4.Turner (2006) writes that Thomas J. Scheff (1988, 1994, 1997) put together the thoughts of Charels H. Cooley (1902/2006) and Helen B. Lewis (1971) and came out with a new theory of emotions. Scheff’s theory is characterized by is combination of psychoanalytic tradition with symbolic interactionism. Scheff argues that shame is a repressed emotion; we have a tendency not to show our shame so that shame is almost invisible in our western culture. Gershen Kaufman (1980/1992) puts this view it to the point by saying that
“our culture is a shame-based culture, but here, shame is hidden. There is shame about shame and so it remains under strict taboo. Other cultures, for example, Eastern and Mediterranean, are organized more openly around shame and its counterpart, honor. What we need in our culture is to honor shame, and thereby redeem it” (p. 32-33).

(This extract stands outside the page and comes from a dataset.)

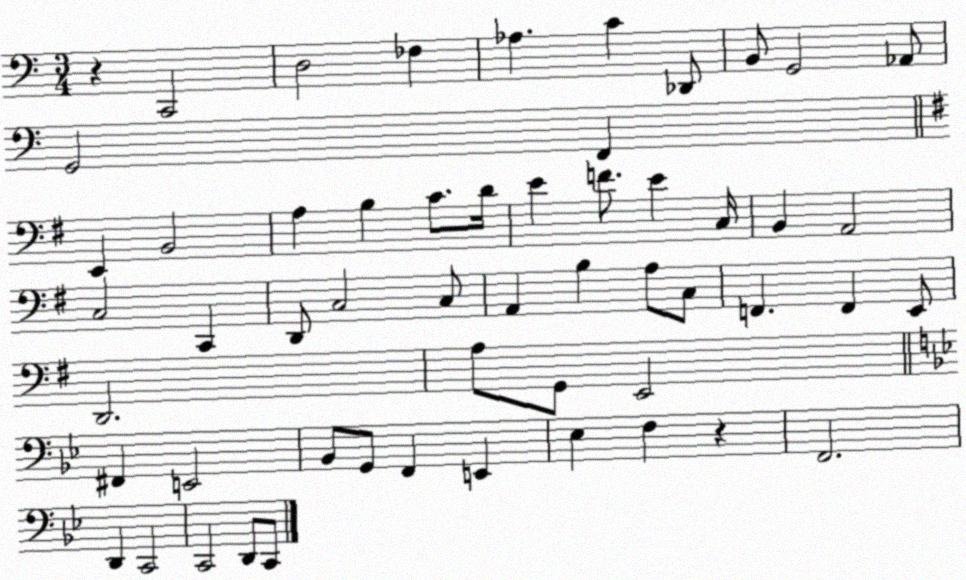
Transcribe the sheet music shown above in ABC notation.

Scheff and Retzinger (1991) write that our society, which represses shame, is characterized by meetings between people where shame is not acknowledged. Many people deny having shame over a whole lifetime. This repression of shame in our society leads to a diffuse hostility which can be used and/or misused by political leaders, such as Hitler before and under World War II. Scheff characterizes shame as the master emotion as Lewis also coded shame rather than guilt as the most common emotion. Turner (2006) calls repression the master defence mechanism.
“The more negative the emotion and the more they are associated with a failure to
verify self, the more probable is repression…Most important, the more emotions are repressed, the more they will be transmuted into new kinds of emotional response” (p.286).